The New Party, which has never won more than 5 percent of the vote in Minnesota, has tried on a regular basis to "fuse" its candidates with those of other parties. The practice of "fusion" harks back to a strategy in the 19th century practiced by Democrats and Populists in the Midwest. The aim is to make small parties more attractive to voters and to develop status and clout in the electoral system.

But yesterday's 6-to-3 Supreme Court decision upheld "antifusion" laws in 35 states. Writing for the court, Chief Justice William Rehnquist upheld a state's right to make its own election laws and argued that the limitations on free speech for small parties "though not trivial...are not severe."

"States may, and inevitably must, enact reasonable regulations of parties, elections, and ballots to reduce election- and campaign-related disorder," the chief justice wrote.

Such antifusion laws are set up to conduct fair and orderly elections. But in four states, including New York, small-party candidates are allowed to seek more visibility by appearing as candidates for numerous like-minded political movements, whether they are conservative "right to life" parties or left-leaning environmental parties.

In the 1980 presidential campaign in New York, for example, Democrat Jimmy Carter pulled in more votes than Republican Ronald Reagan in the traditional two-party tally. But Mr.

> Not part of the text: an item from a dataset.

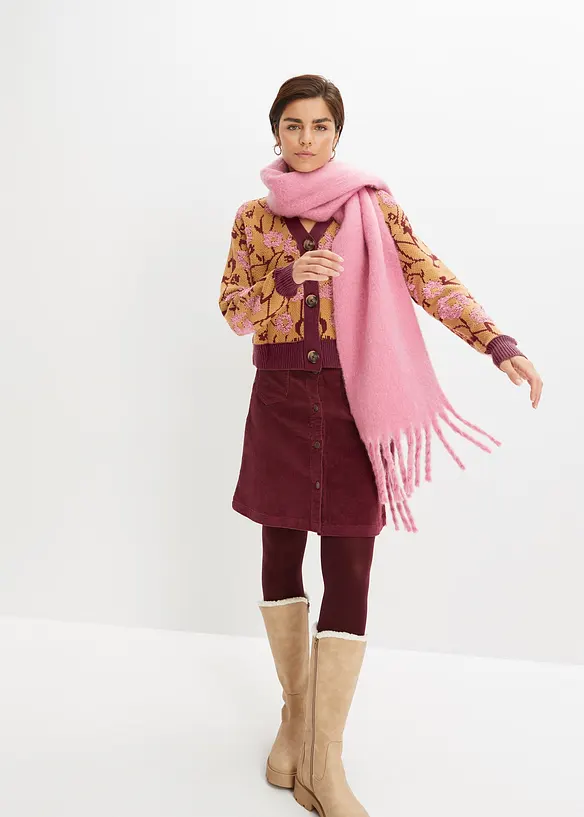 Cardigan in filato grosso a fiori, bonprix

Reagan won New York on the added strength of his vote as a candidate for the Conservative Party.

The Supreme Court first stepped into the fray over access to the ballot in states in 1968 when George Wallace, governor of Alabama, attempted to get on the presidential ballot in the state of Ohio. The high court ruled that states can regulate but not impose severe burdens on new parties.

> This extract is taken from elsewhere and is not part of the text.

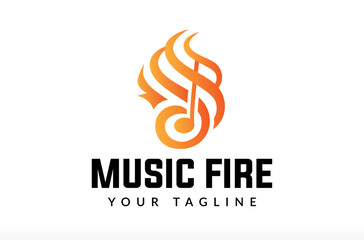 Music Fire Logo Design, music flame logo, hot music logo, spicy, flame and  flare, sound logo, entertainment media agency, creative music icon Vector Icon Symbol Silhouette Illustration brand business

Justice John Paul Stevens, writing yesterday in dissent and joined by Justices Ruth Bader Ginsburg and David Souter, stated, "It demeans the strength of the two-party system to assume that the major parties need to rely on laws that discriminate against independent voters and minor parties in order to preserve their positions of power."

"Parties like the New Party represent interesting alternatives," says Georgetown University law professor Mark Tushnet. "The court's decision makes it harder for them to get on the ballot. Harder, but not impossible."

In other decisions yesterday, the high court ruled:

* Local governments should be less vulnerable to lawsuits when their police officers use excessive force.

The justices split sharply on a decision that could also make it more difficult for citizens to sue local governments over other violations of federally protected rights.

The court said Bryan County, Okla., was wrongly punished for a 1991 incident in which Reserve Deputy Stacy Burns threw Jill Brown to the ground with such force that Ms. Brown's knees were seriously injured.

Deputy Burns had been hired by the sheriff, who was also his uncle, despite his record of misdemeanor convictions.

Justice Sandra Day O'Connor wrote for the court that although the sheriff's decision to hire Burns may have been a poor one, it does not make the county vulnerable to a lawsuit. The sheriff's "inadequate scrutiny of Burns's record cannot constitute 'deliberate indifference' to [Mrs. Brown's] federally protected right to be free from the use of excessive force," Justice O'Connor said.

* Police armed with court warrants to search for drugs cannot always enter homes without first knocking and announcing themselves.

Officers must be able to show they had reason to believe a suspect would be dangerous or would destroy evidence if alerted to the police raid, the justices said. The court unanimously refused to create an exception for drug cases to its 1995 decision that said no-knock entries usually are unconstitutional - prohibited by the Fourth Amendment ban on unreasonable searches.